Je suis née avant l’aube. Avant mon aube à moi. J’avais 3 mois d’avance sur les meilleures des prédictions.


Je suis née avant l’aube. Pas celle du monde, même si elle y ressemble, mais celle à moi. Autant vous dire que ma naissance ne s’est pas faite en douceur, celle à laquelle j’aspire aujourd’hui encore, celle à laquelle un chacun a droit. Mon monde est né avec moi, portant dans ses promesses les sourires des jours à venir, portant jusque dans ses épuisements les souffrances de mon propre cœur. J’en ai conscience mais je sais que je ne suis pas née par hasard. Mon heure était venue et ma volonté aussi. A un moment donné il faut faire le grand saut, il faut savoir entrer en scène. La meilleure chose pour réussir quelque chose, c’est de faire le premier pas. C’est le plus difficile.

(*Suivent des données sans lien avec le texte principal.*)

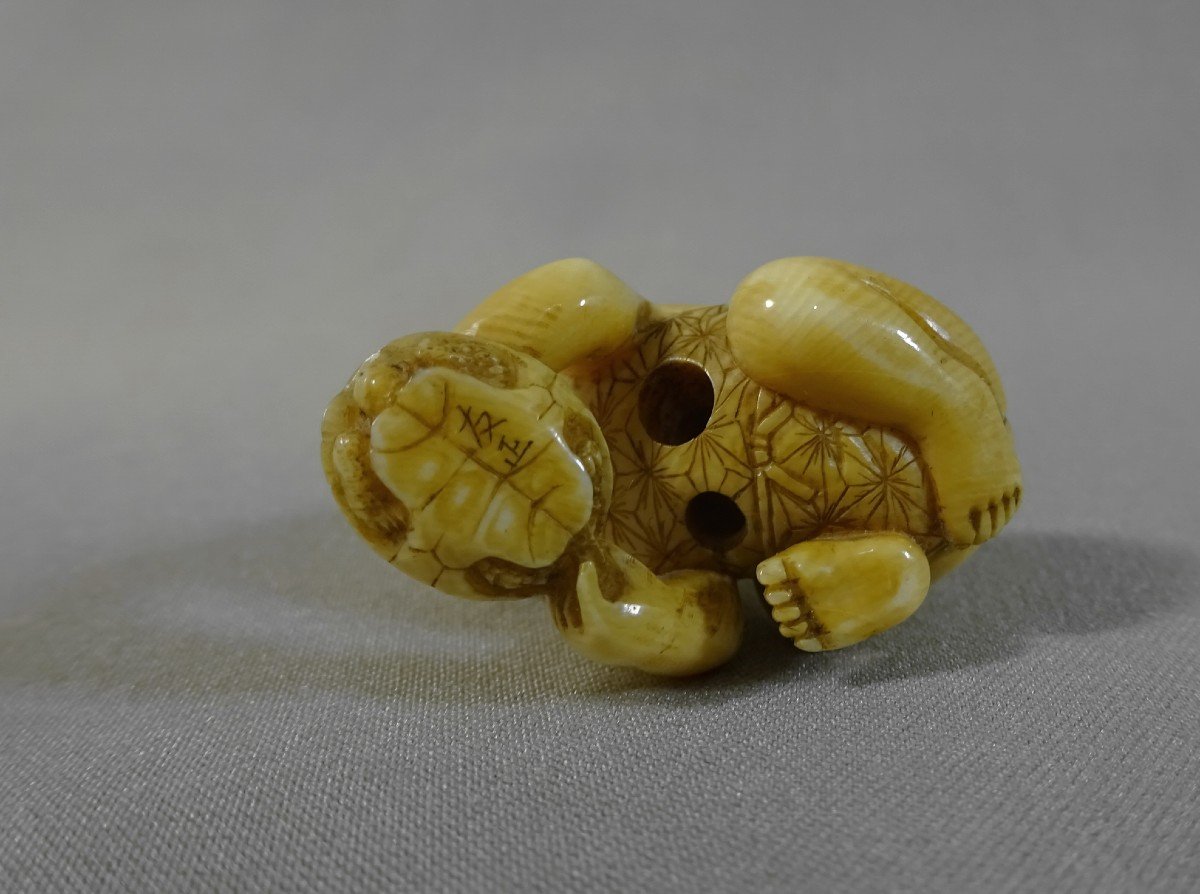 By Tomomasa, Japan Edo Period, (1630-1868) Netsuke Depicting A Boy Playing With A Turtle, Mid-19th Century-photo-7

Je suis née avant l’aube, avant même que la rosée qui embua les yeux de ma mère, épuisée par tant d’efforts, épuisée après tant d’heures à me porter en elle avec les doutes qui prennent tant de place lorsqu’il s’agit d’un premier enfant. Et septembre est un beau mois. Le début de l’automne, la fin de l’été. Les couleurs arrivent sur les arbres comme les rêves dans la nuit. J’aime bien l’espoir que le temps dessine sur les visages, ce sursaut rebelle d’une saison qui sait qu’elle va s’incliner, qu’elle ne pourra vaincre dans ce combat inégal. Je suis née à la lisière des saisons. L’automne commence le 22 septembre. Ne dit-on pas que septembre se nomme le mai de l’automne ?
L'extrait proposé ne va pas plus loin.